Omicron will test Beijing Winter Games bubble: organisers


FE Team | Published: January 03, 2022 18:46:47 | Updated: January 05, 2022 21:34:58


The Olympic flame is transferred from a torch to a cauldron at the ceremony to welcome the flame for the Beijing 2022 Winter Olympics in Beijing on October 20 last year -Reuters file photo

China's meticulous plans to prevent an Olympics-seeded COVID-19 outbreak by sealing all participants inside a "closed-loop" for the upcoming Winter Games will be tested by the emergence of the highly infectious omicron variant.

The country has reported only a handful of omicron cases and has largely succeeded in containing COVID-19 since it first emerged in the central city of Wuhan two years ago, thanks to a zero-tolerance policy that includes rigorous contact tracing, strictly targeted lockdowns, and travel curbs that have drastically cut international arrivals, reports Reuters.

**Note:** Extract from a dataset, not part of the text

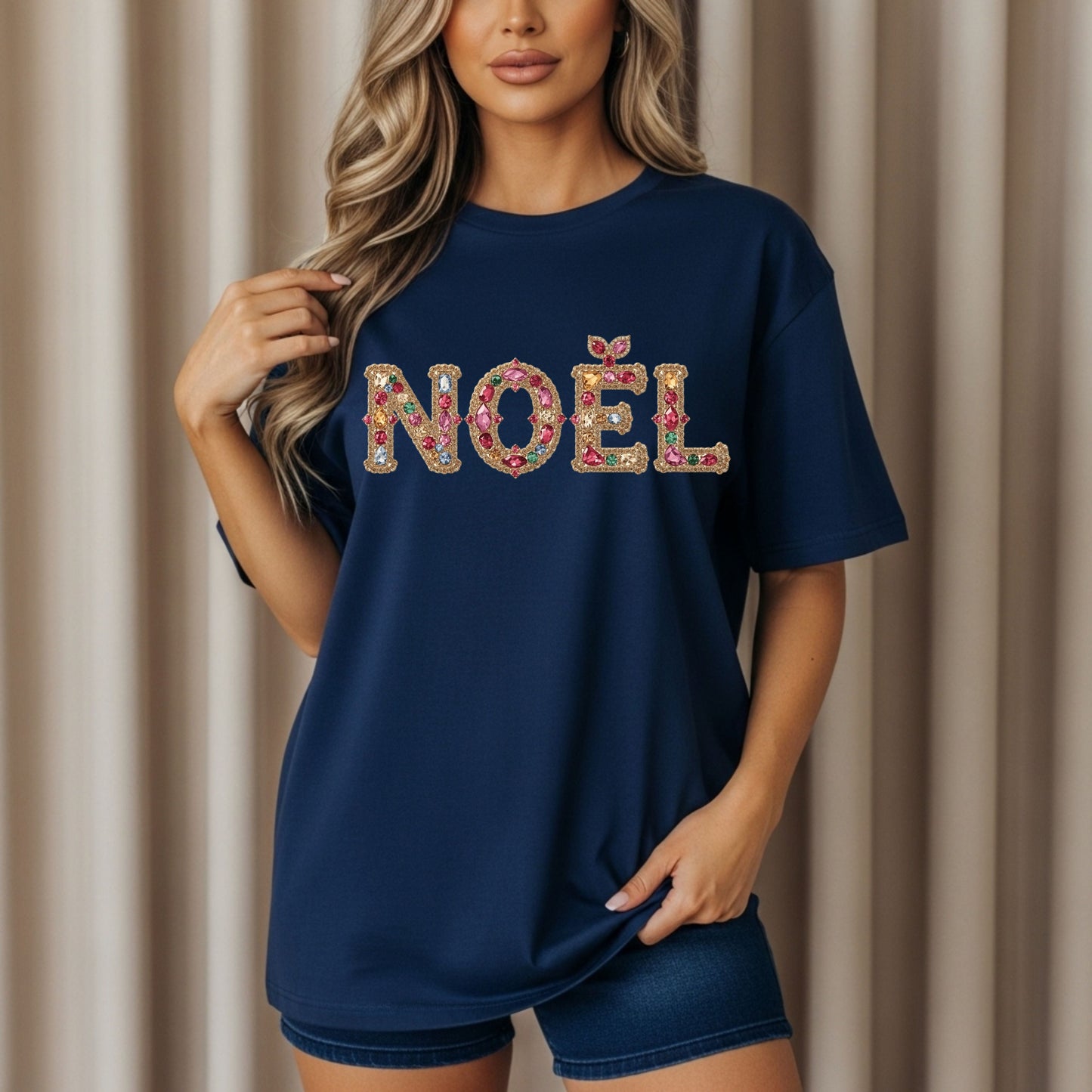 Model wearing navy blue graphic tee with "NOËL" spelled in sparkling jeweled letters featuring gold, pink, red, and multicolored gems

But more than 2,000 international athletes are set to come to China for the Games that start Feb 4, plus 25,000 other "stakeholders", a large number from overseas. Organisers did not say how many of those people would be in the closed-loop.

Organisers believe their measures "can ensure the Winter Olympic Games and the Winter Paralympic Games can be held safely and on schedule," Yan Jiarong, a spokesperson for the organising committee, told a news conference last Thursday.

Restrictions at Games venues in Beijing and Zhangjiakou in neighbouring Hebei province will be much tighter than those during last summer's Tokyo Olympics.

Core to the planning is the rigidly-enforced closed loop that physically separates Games-related personnel from the local population, with overseas participants flying directly into and out of the bubble, which includes dedicated transport.

In Tokyo, which took place when delta was surging globally, a bubble was strictly enforced, although local residents such as journalists and volunteers were able to enter and exit at will and some overseas visitors could leave it after being in the country for 14 days and repeatedly testing negative.

But omicron, which appears to be much more transmissible than earlier variants, is now driving global COVID-19 infections to record highs and disrupting the sporting calendar.

North America's National Hockey League, which has postponed 90 games, announced that it will not send its players to the Olympic ice hockey tournament due to COVID-19-induced scheduling problems. The CEO of the Canadian Olympic Committee told a broadcaster on Friday that he is increasingly concerned whether the Games can go ahead as planned. read more

"It is what I sometimes call a sprinter. It is extremely infectious and it is fast," Irene Petersen, a professor of epidemiology at University College London, said of omicron.

She said the UN climate conference in Glasgow this autumn showed a large-scale international event could keep transmissions to a minimum through lots of testing.

"But that was in the Delta era ... we haven't seen anything like the omicron," she said.

FEW CASES AT TEST EVENTS

Games organisers say that test events held earlier this year involving some 2,000 overseas participants had shown Beijing's COVID-19 measures to be effective. Beijing reported only a handful of cases among athletes during test events.

"The system is developed so that the chances of the Chinese people being exposed to the virus is minimised," said Yanzhong Huang, senior fellow for global health at the Council on Foreign Relations, a US think tank.

Still, the risk will increase with the Olympics, he said, "not just because the Chinese people are largely quite vulnerable to these outbreaks because most people have not been exposed to the virus, but also because the Chinese vaccine has proved not very effective in preventing new infections".

About 85 per cent of the Chinese population have been vaccinated, mostly with Chinese shots manufactured by Sinopharm and Sinovac. All of the 20,000 or so Chinese volunteers and others who will enter the Olympic closed loop have been vaccinated. Efficacy readings in clinical trials for the Chinese shots ranged between 50 per cent and 83.5 per cent against symptomatic disease, below the 90pc-plus figures for shots from Pfizer and Moderna.

Recent studies appear to show antibody responses from vaccines to be weaker against omicron than earlier strains, but it remains unclear how the variant would affect their overall effectiveness.

BUBBLES AND TESTS

As in Tokyo, no international spectators will be allowed at the Beijing Winter Games, and local attendance at event sites is likely to be curtailed.

Olympic participants must consistently test negative before being allowed to board specially arranged flights to Beijing. On arrival, participants must be vaccinated or face three weeks of quarantine. Everyone will be tested daily.

However, such tests cannot be relied on to detect cases during the virus' incubation period, and organisers have acknowledged that they expect a "certain number" of COVID-19 cases given a large number of international arrivals.

"If you're going to use tests to exclude people who are infectious you will have to test them on their doorstep," said Petersen of University College London.

Michael Baker, professor of public health at the University of Otago in Wellington, said the combination of travel from multiple countries and the concentration of athletes and staff poses difficulties exacerbated by the higher transmissibility and shorter incubation of Delta and omicron.

"Consequently, it will be difficult to contain outbreaks that occur during the Olympics, with the risk of transmission between Games participants and also into the wider community.”